During summers when the schools are closed, the neighbourhood children come to the house for dance lessons conducted by Malka, and drawing lessons held by Mausam.
When the renovation on the house started, an expert in Italian art history flew in from France and educated the family on the Italian carvings found on the ceiling, the Belgian painted glass windows and lamp holders, the earthquake resistant structure of the house, and so on. For years, the same house that was in ruins, had actually been a treasure trove of artefacts from around the world.
As soon as you enter the house, you walk into the courtyard, also known as the ‘chowk’. The family receives guests here, and it also doubles up as their living room, where they spend time after dinner. During festivals, the chowk is decorated with beautiful rangoli.
It took almost 2 years to restore the house to how it is now, and it was proving to be a financial burden on the family since no banks were willing to give them loans because the condition of the house was so bad.
Along with vintage handmade furniture, the house is also full of interesting artefacts that would be very difficult to find today.
Under the chowk of the house is an underground water reservoir. Like many other homes in Old Ahmedabad, this one too uses a rain water harvesting system. During the renovation of the house, Mr Mehta found the huge water storage pool with a step wall leading to it. The water was tested in a lab, and it was found that it was safe for consumption even after all these years!

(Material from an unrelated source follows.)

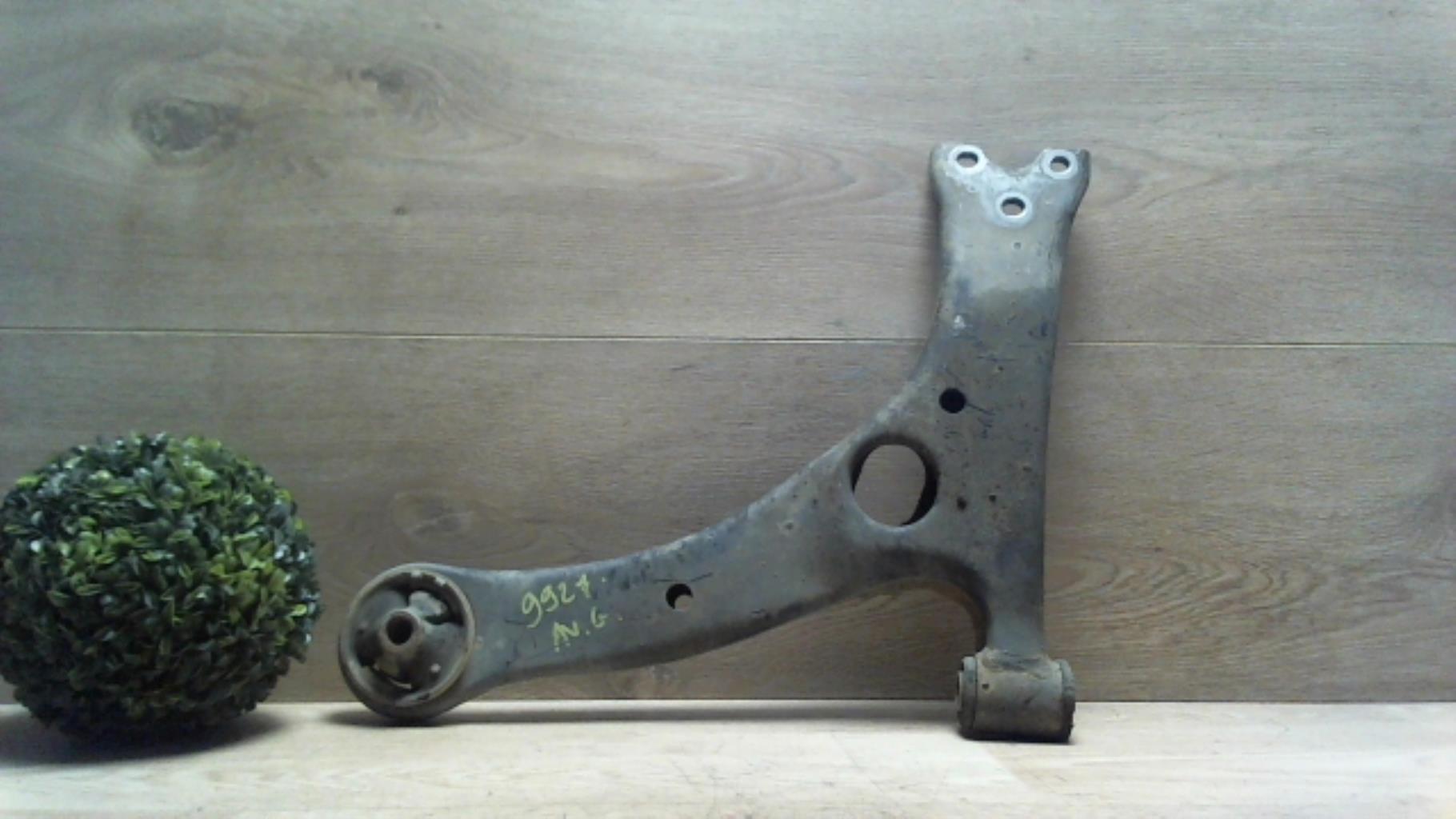 Triangle avant gauche TOYOTA COROLLA VERSO 2 PHASE 1 Diesel - 1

Students from institutions like NID and IIM, and even art students from foreign universities, visit the house and spend days on end studying the architecture and design. Recently, the Mehtas also hosted the mayor of Ahmedabad in their home.
Under the Gujarat tourism scheme, the family has also been approached to turn the house into a homestay, so travellers get an opportunity to live in an authentic Gujarati house!